Charities, unlike for-profit firms, can't liquidate and send the money back to their donors, like corporations, which can sell their assets and return cash to stakeholders. Dissolved charities are forced by the state to send their assets to similar groups for a de facto kind of merger. Merging preemptively allows them to at least save staff and key services.
"I would expect to see significant growth in mergers in 2009," says Pollak, "but most will be 'mergers of unequals.' Stronger organizations absorbing failing ones."
The Bridgespan survey found that smaller nonprofits like Centro and Concilio, with annual budgets of less than $3 million, are especially keen on merging, with 29% considering it. Nonprofits in the child and family services sector are the most likely type to merge, with about 7.1% merging between 1996 and 2006.
As in the for-profit world, nonprofit mergers are never a simple matter. "While we all like to think that non-profits are all about 'do good and do well out in the world,'" says Kristin Ficery, an Accenture partner who focuses on M&A, "they do have different cultures and they do view things differently...that certainly is something very important to manage."
Vega, the executive director of Centro, says that talks between his organization and Concilio - which both help poor Hispanic families with education, job training and other counseling services - began late last summer but are still ongoing. The idea is to bring Centro's stronger administration to Concilio's wider geographic reach. Centro's budget is only a bit bigger - $1.4 million to $900,000 - but much less dependent on state funding, which is being cut in Massachusetts due to a $1.1 billion state budget deficit.
Despite their shared mission, getting egos out of the way was a challenge. "There's a tendency to be highly competitive," says Vega. "It was significant to have the boards independently say, 'You know what, there's another way to do this.'" He adds, "It's almost like you have to confess a weakness."
Advisors who specialize in nonprofit mergers report record demand for their services since September. "There's a dramatic increase in interest," says David La Piana, founder and president of Emeryville, Calif.-based La Piana Associates, which provides M&A, restructuring, and consulting services to nonprofits.
He says his firm has twice the usual number of active merger projects and received 40 inquires in January after getting 160 all of last year. "They're anticipating losing large chunks of their funding," he adds, "and thinking that they need to band together with someone who's more sound to continue providing their services."

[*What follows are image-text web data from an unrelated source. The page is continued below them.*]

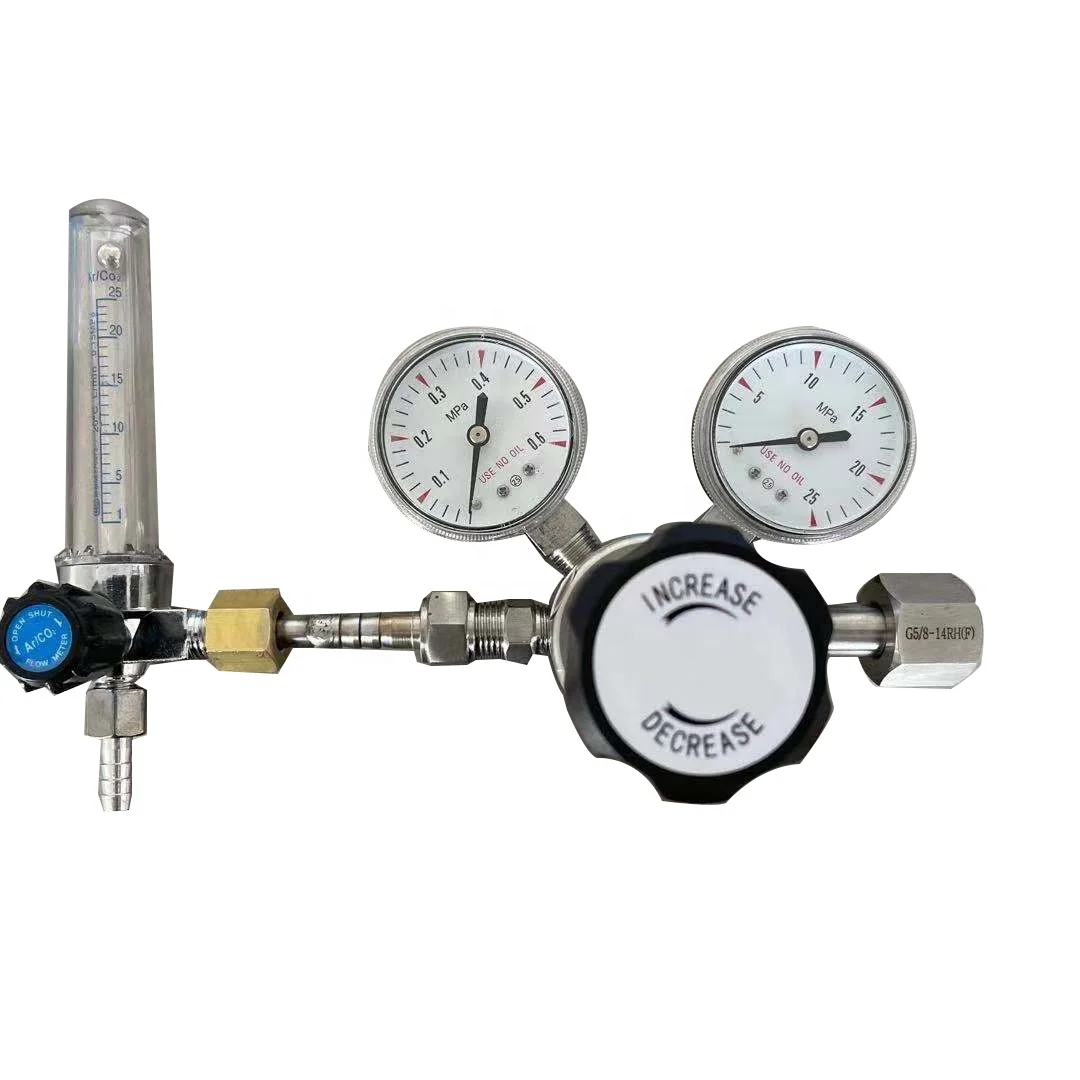 High quality medical equipment oxygen regulator gauge oxygen pressure reducer for cylinder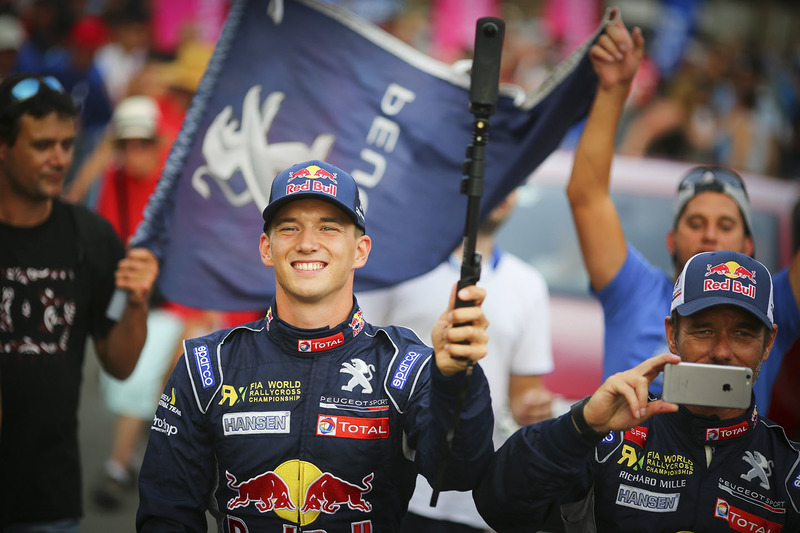 Timmy Hansen, Team Peugeot Hansen, Sébastien Loeb, Team Peugeot Hansen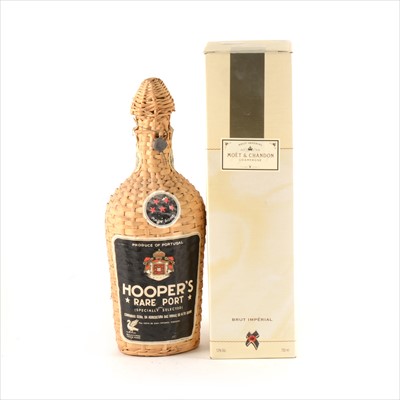 Lot 288 - Hooper's Rare Port, and Moet & Chandon Champagne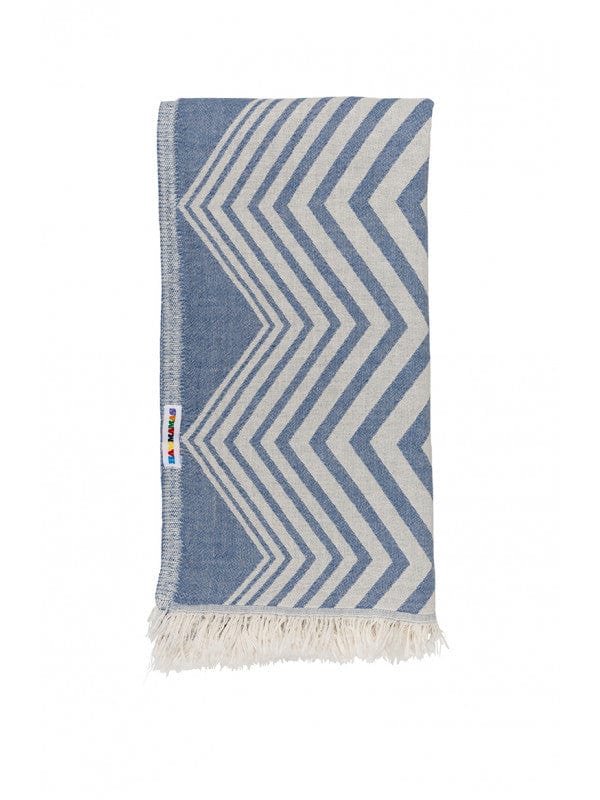 Hammamas Chevron Turkish Towel Splash Swimwear Beach Towels Blue 1000010044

Some who come to him seeking to do a merger, however, often walk out the door with a different strategy. He counsels that groups can alternatively combine fundraising efforts, collaborate on a specific program, or share office space and other administrative costs. "There are a whole range of partnerships," La Piana says.
But others argue that a nonprofit merger deluge, rather than the historical trickle, would be good for the industry on the whole. Earlier this week, state senators in Massachusetts said nonprofits will need to consolidate to make up for a decrease in state funding. On the west coast, the San Francisco Department of Public Health also recently formed a working group to facilitate mergers among community groups.
Fred Chaffee, president and CEO of the Arizona's Children Association (AzCA), says many mergers have been a long-time coming. "Well before the economic climate that we're in today," he says, "there was a need ... for like or complimentary agencies to figure out a way to come together."
He should know: AzCA has absorbed six smaller groups, the first in 1999, the most recent last year. Originally focused on the Tucson area, acquisitions have helped it now provide child welfare and behavioral health services across Arizona. Its budget has gone from $4.5 million to nearly $40 million a year. On average, Chaffee says, each group doubled the number of people it served by reducing cost-per-client by more than a third.